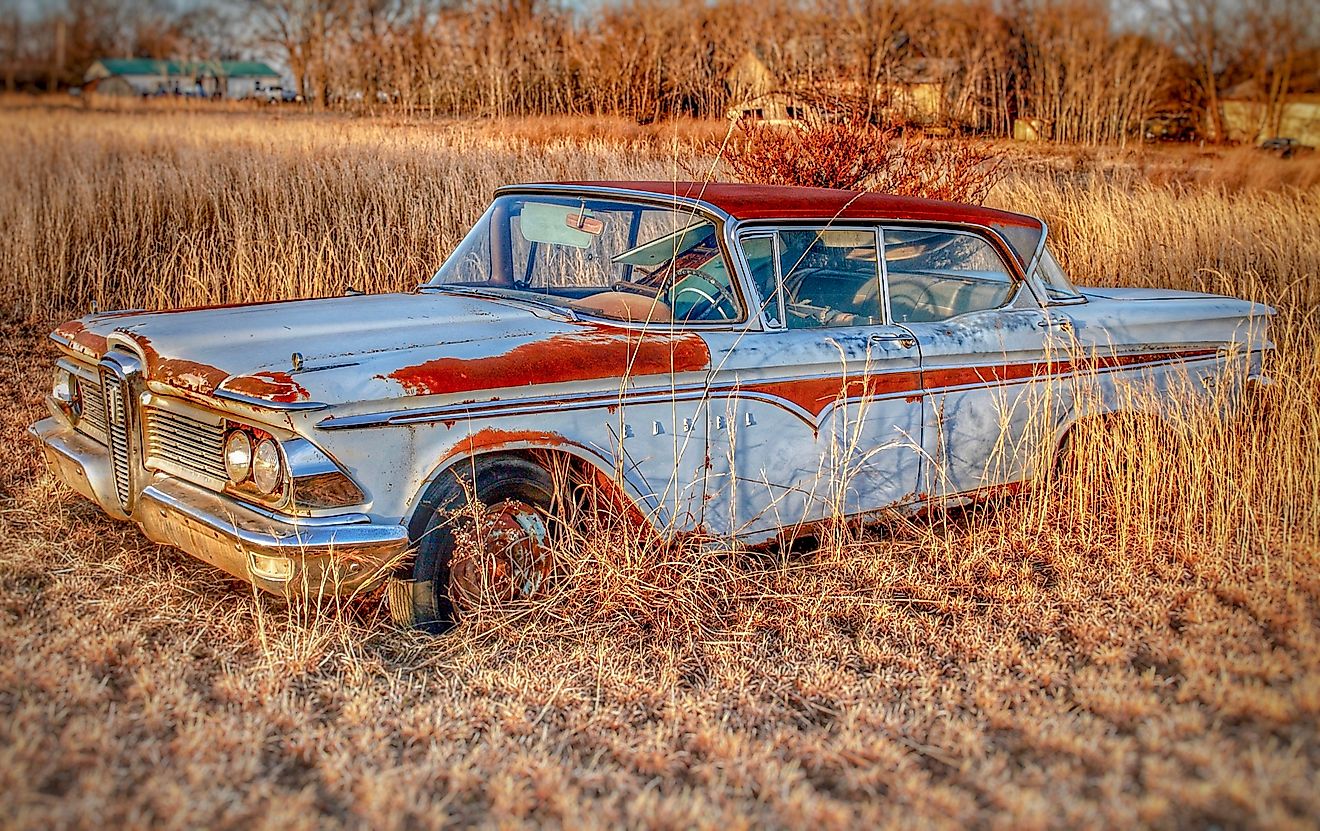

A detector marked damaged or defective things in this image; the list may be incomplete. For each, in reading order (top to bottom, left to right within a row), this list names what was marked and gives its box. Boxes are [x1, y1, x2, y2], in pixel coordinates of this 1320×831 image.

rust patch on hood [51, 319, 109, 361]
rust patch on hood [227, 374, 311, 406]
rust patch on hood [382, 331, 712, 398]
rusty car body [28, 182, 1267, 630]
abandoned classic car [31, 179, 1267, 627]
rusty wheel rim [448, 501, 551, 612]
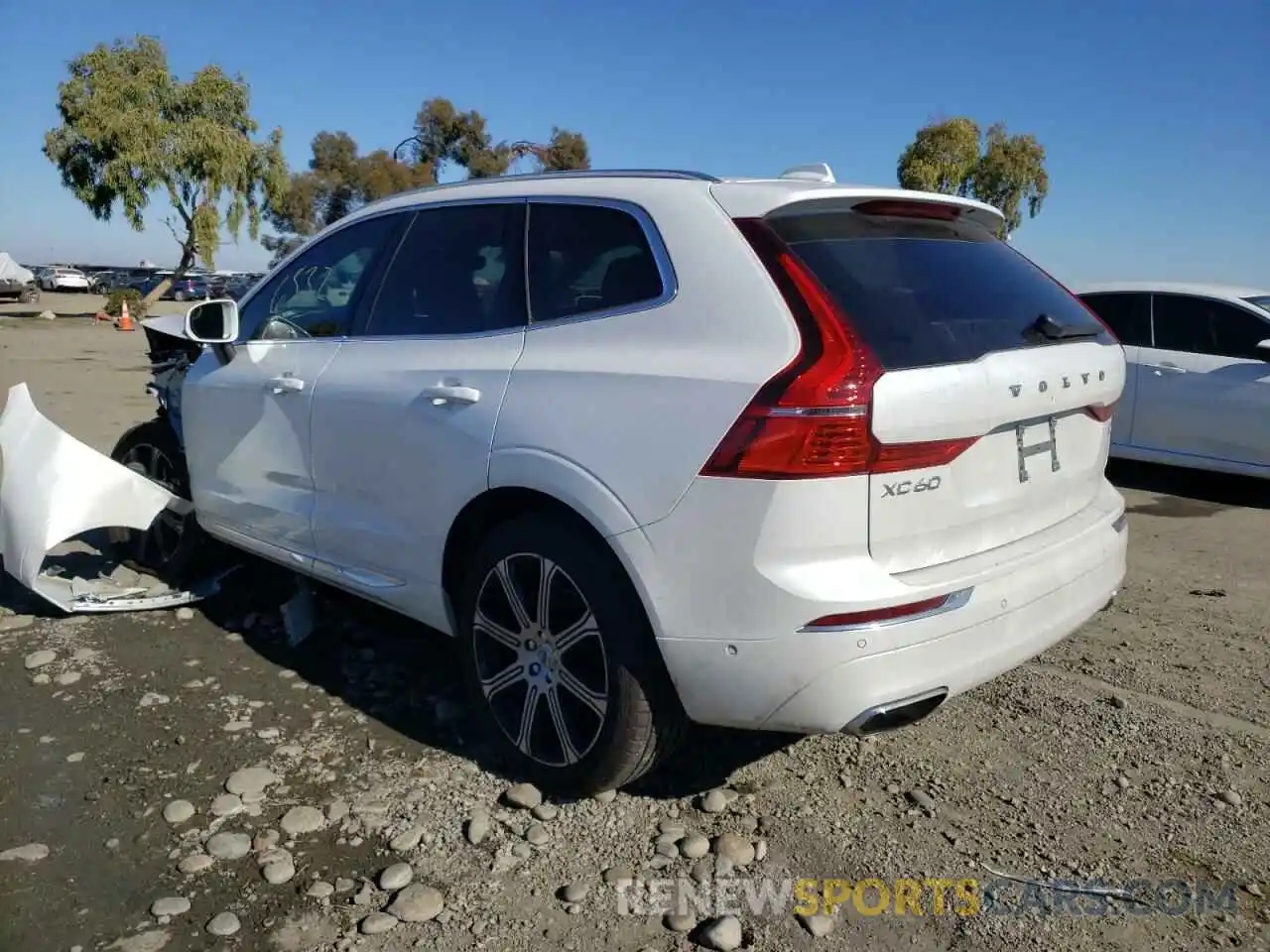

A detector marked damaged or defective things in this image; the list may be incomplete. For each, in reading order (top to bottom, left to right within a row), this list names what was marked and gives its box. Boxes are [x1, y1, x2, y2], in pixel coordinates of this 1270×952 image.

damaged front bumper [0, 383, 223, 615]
************
Each line from the one that contains "this 1270×952 image." through the end of the material above should be returned exactly, and nothing else.

A detector marked damaged or defective things in this image; the list may be incomplete. For each, in reading order (top to bottom, left to right within a row), this list names what was marked and gives its box. Boxes are [x1, y1, x2, y2], in pixel coordinates of this 1270×952 image.

damaged front bumper [0, 383, 223, 615]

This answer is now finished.